Scarritt College (founded in 1878 at Neosho, Missouri) began as the Neosho Male and Female Seminary. In 1887 it was reconstituted as the Scarritt Collegiate Institute.

History
Opening its doors on September 2, 1878, the school's first home was inside the Methodist Episcopal Church, South, in Neosho. D. M. Conway was its first president. Outgrowing the church, in October 1878 the school purchased a local house and moved into it. In 1880, under the leadership of G. H. Williamson, the seminary was incorporated, taking the name Neosho Collegiate Institute.  Led by W. C. Montgomery, and having again outgrown its new home, the school built a new facility at the same location.

In the spring of 1887, after several years of financial difficulties, the Neosho Collegiate Institute was forced to close.  After a donation by Dr. Nathan Spencer Scarritt of Kansas City, the school reopened the following spring under the name Scarritt Collegiate Institute, in honor of its benefactor.
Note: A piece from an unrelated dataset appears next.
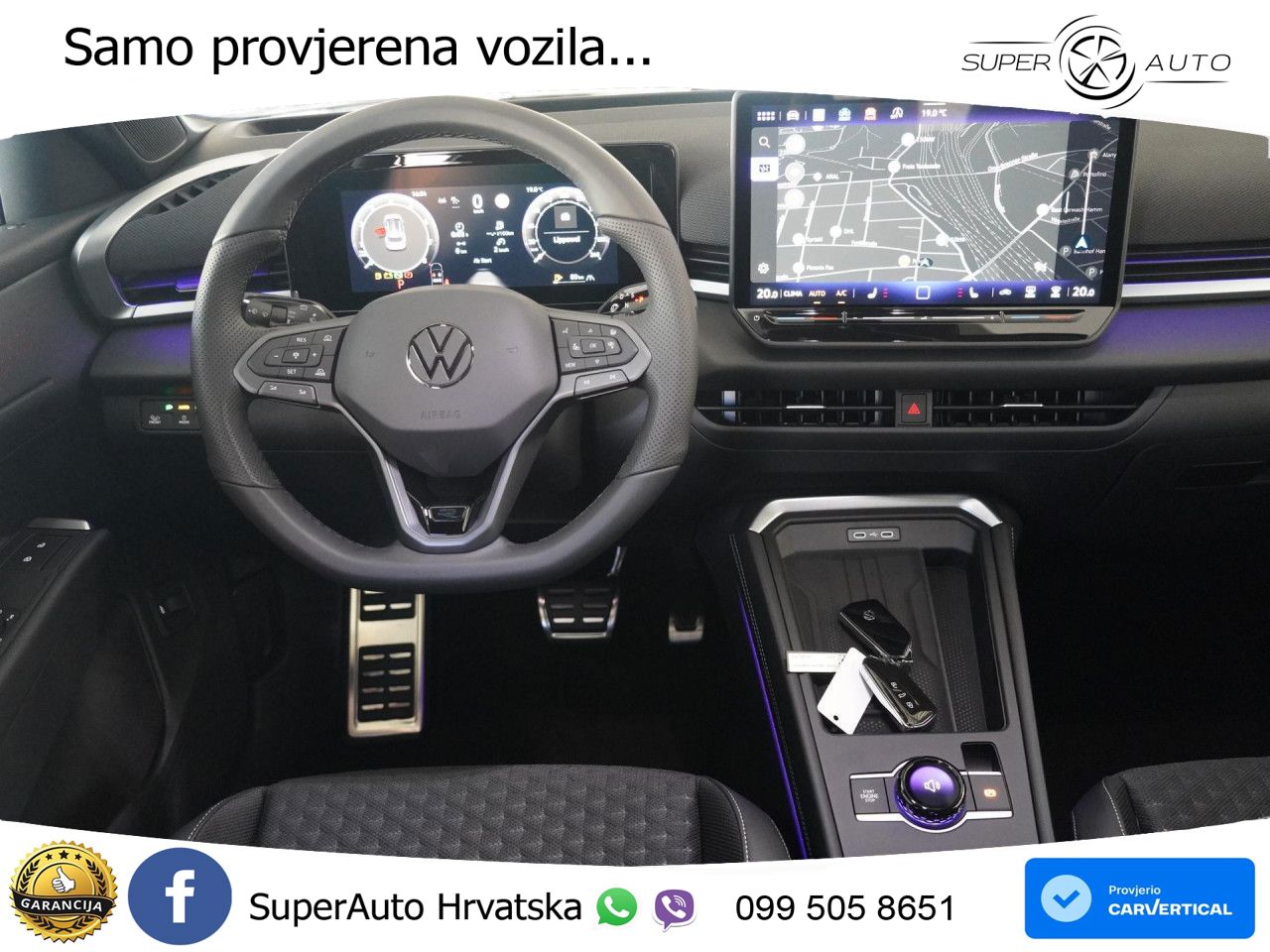 Volkswagen T-Roc II 1.5 eTSI (150 KS)  DSG MATRIX+GR SJED+KAM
After several years of success and growth, starting in 1900 several setbacks led to a steady decline in enrollment. In 1902, John Brown took the helm, becoming the youngest college president in the nation.  He would go on to found Southwestern Collegiate Institute, later John Brown University in Siloam Springs, Arkansas.  Again in 1903, due to mounting debt, Scarritt closed its doors.

The school operated as Scarritt College, a business school, for a short time before the doors in Neosho were closed permanently in 1907. In 1908 it merged with another college and moved to Morrisville, in 1909 merged with Ebenezer College from Ebenezer, Missouri and later became Scarritt-Morrisville College which again merged with Central College to become known as Central Methodist College, Fayette, Missouri.

Notes of interest
The Neosho School District purchased the property, and in 1916 the empty buildings were razed to make way for a new public high school for the city of Neosho.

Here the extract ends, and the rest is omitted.